Choices for Cuban Youth

Osmel Almaguer

Havana students. Photo: Caridad

Small food establishments that offer products in hard currency constitute the main recreational alternative for Cuban youth today.

At night Havana is totally to dark.  It seems like a cinema when the lights are turned off before the movie begins, only that in this case only one small almost imperceptible activity can be noted in a few locations of the city.

With the arrival of the Special Period crisis of the 1990s —a time I will refer to below as being the point of demarcation between “before” and “after”— the holding and trafficking of hard currency was decriminalized across the entire island. This was part of a policy of “flexibilization” that was pursued with the aim of reviving the economy.

With the possibility of possessing dollars, the green bills became the sole friends capable of providing articles of vital importance – like soap, food or deodorant.  However not everyone could access these; for most people the only green they held was the hope for improvements, which have dried up over time.

Money sent by relatives abroad, prostitution and later on various jobs with joint-venture companies or in tourism were the sole sources of hard currency for ordinary people.  To those have been added theft and corruption, which occur in almost all workplaces whether these are goods-producing enterprises or not.

At that time (the early 90s), an entire network of establishments was created to collect hard currency from that minority sector that had access to the dollar.  Through all of this, sharp differences were created between people, ones that are much deeper today.

Dollar stores, kiosks and eating establishments were given all types of names (Infotur, Rapidito, Ditu, etc.).  In addition, the great majority of restaurants, not to mention hotels, began to conduct business solely in hard currency.

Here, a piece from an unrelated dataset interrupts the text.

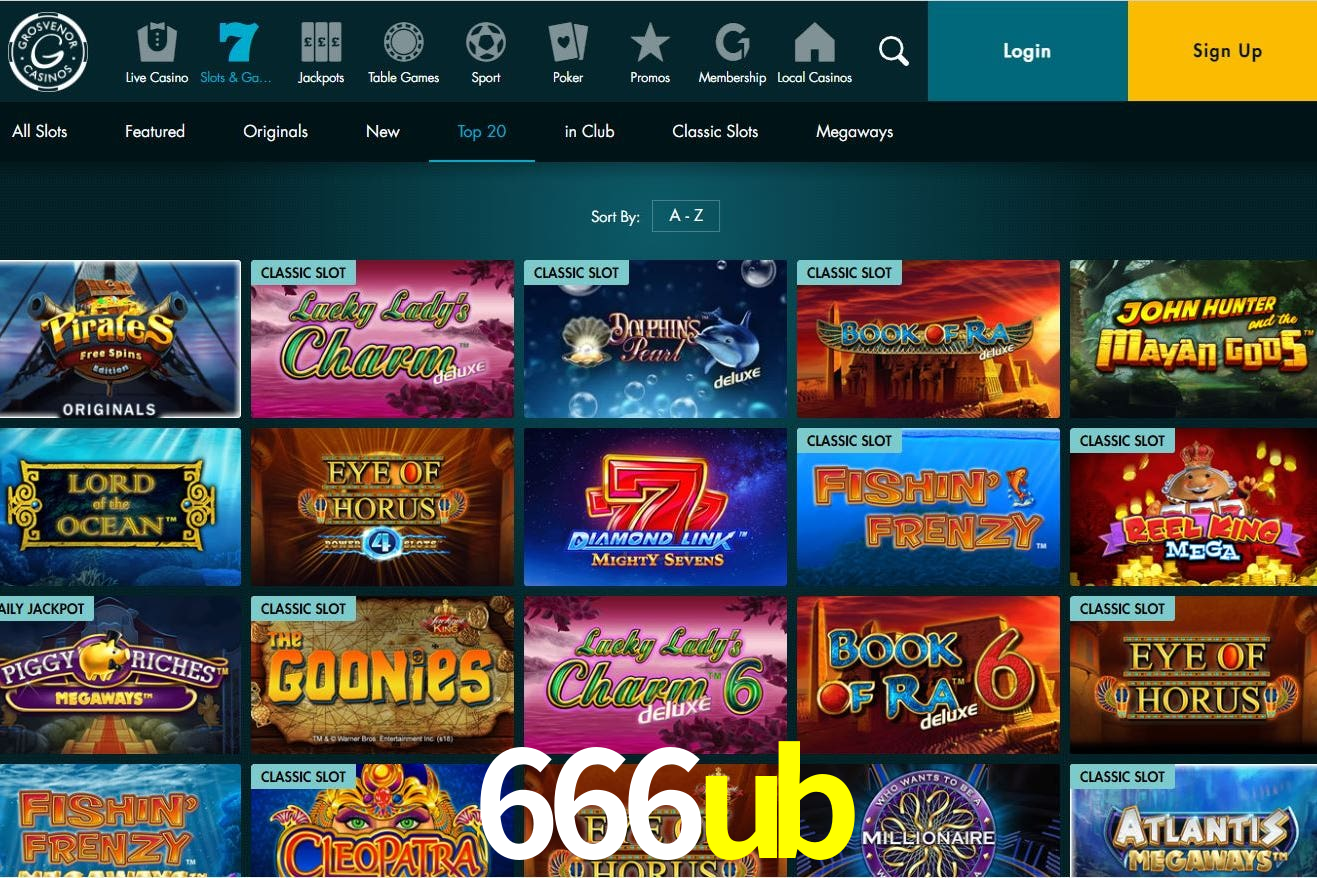Sports Statistics 666ub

At one point the value of one dollar ended up being equal to more than a hundred Cuban pesos. There was a time in which food was scarce all over Cuba, however food service in hard currency was organized (and still is) openly in public places.  Those who ate and could drink “forbidden” beer did so smugly, in their pleasure in consuming what the majority of people couldn’t.

With time this situation has relaxed, though I cannot affirm that all is well.  The issue of food has ceased to be critical, and for a good while now the public has begun to once again think about leisure activities, recreation and having a good time.

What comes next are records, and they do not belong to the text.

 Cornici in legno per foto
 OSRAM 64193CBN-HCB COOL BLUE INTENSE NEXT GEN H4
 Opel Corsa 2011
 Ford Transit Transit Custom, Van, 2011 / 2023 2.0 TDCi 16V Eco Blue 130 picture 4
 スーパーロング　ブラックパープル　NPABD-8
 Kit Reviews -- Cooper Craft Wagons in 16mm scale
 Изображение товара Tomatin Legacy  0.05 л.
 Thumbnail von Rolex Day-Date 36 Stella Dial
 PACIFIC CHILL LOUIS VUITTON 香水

In the “before” times, in addition to having variety of alternatives and plenty of places for recreation, people had a different concept of amusement.  Back then people spoke of going to the cinema, to the Coppelia ice cream park or sitting out on the Malecon seawall, and these were engaged in without qualms.  In the “after” period, such activities are done by “washouts,” meaning those who don’t have enough hard currency.  “Before,” people talked about going to the theater or eating at a restaurant, at one in Lenin Park or at the Zoo.

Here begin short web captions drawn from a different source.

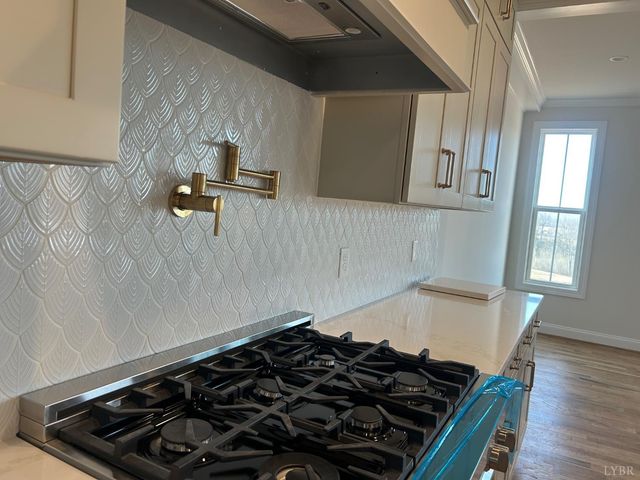 1055 Bravo Lane, Forest, VA 24551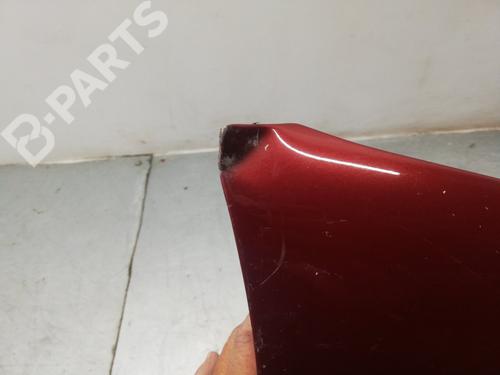 Right front fenders VW POLO (6N2)  | BP11049824C42 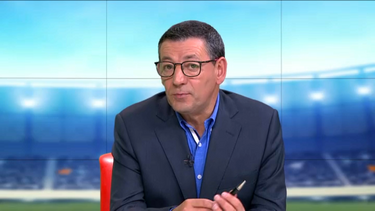 Nuno Dias: “Representar a seleção será sempre o ponto alto da carreira de qualquer jogador”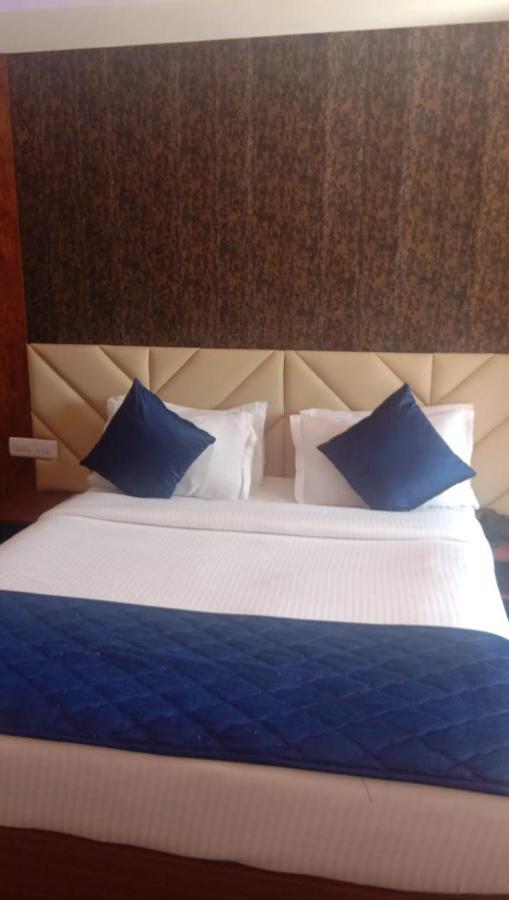 Valley View Resort Ooty Exterior foto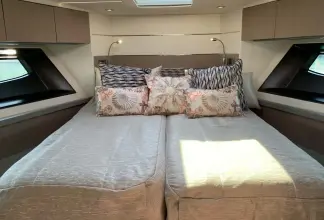 Thumbnail von Sunseeker Predator 50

Later discos became almost the sole alternative preferred by youth.  Few were interested in the cinema because almost all the movies that came out could be seen on DVD.  Cuban youth have gone through a process of marginalization.  It is a nascent generation that has seen its future frustrated by economic problems.  It has moved closer to the subculture of reggaeton because the internal conditions of that generation are ideal for it.

But apparently the authorities have preferred to “ignore” the problems of youth; so in each cheap disco we’re now discovering marijuana and worse drug.  Instead of taking more healthy measures around the youth recreation, the issue seems to be closed.  That’s why sound recreational alternatives, those in which people can discharge their tensions of the week, are increasingly fewer and poorer.

It’s now common for the different sectors of youth —who “before” were homogeneous— to meet up at different places across town.  This of course frightens the authorities, who fear almost any community of interests that’s not the one desired by their higher-ups.

osmel

Osmel Almaguer:Until recently I would to identify myself as a poet, a cultural promoter and a university student. Now that my notions on poetry have changed slightly, that I got a new job, and that I have finished my studies, I’m forced to ask myself: Am I a different person? In our introductions, we usually mention our social status instead of looking within ourselves for those characteristics that define us as unique and special. The fact that I’m scared of spiders, that I’ve never learned to dance, that I get upset over the simplest things, that culminating moments excite me, that I’m a perfectionist, composed but impulsive, childish but antiquated: these are clues that lead to who I truly am.